» **What you need to do**
Word for word, copy the lines from the one with "Duas profissionais discutem" to the last line of the data below, counting both, and keep every picture out.

*** Dataset extract ***

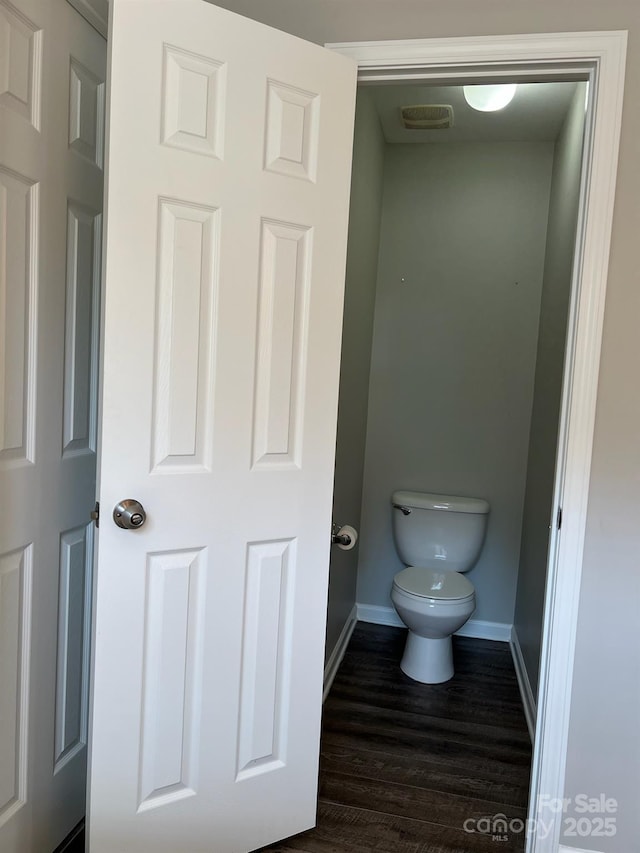 2567 Holly Oak Ln, Gastonia, NC 28056 - bathroom featuring baseboards and wood finished floors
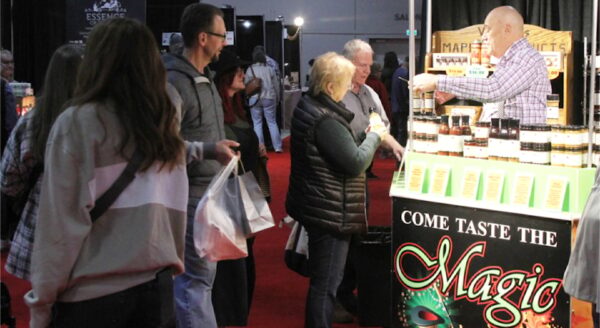 A lively market scene shows a vendor offering samples at a booth labeled "Come Taste the Magic." Customers engage with the vendor while exploring various products on display, surrounded by other stalls in a bustling event space with a vibrant red carpet.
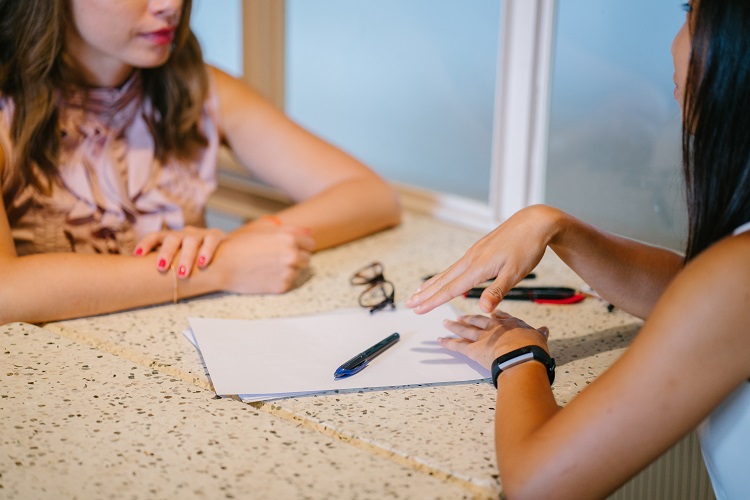 Duas profissionais discutem estratégias de recursos humanos sobre uma mesa com papel e caneta, representando o papel do RH estratégico em médias empresas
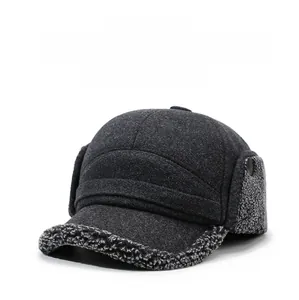 Detail of warm winter trapper hat with thick grey fleece lining and side ear flaps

*** End of Dataset extract ***

» **Exercise answer**
 Duas profissionais discutem estratégias de recursos humanos sobre uma mesa com papel e caneta, representando o papel do RH estratégico em médias empresas
 Detail of warm winter trapper hat with thick grey fleece lining and side ear flaps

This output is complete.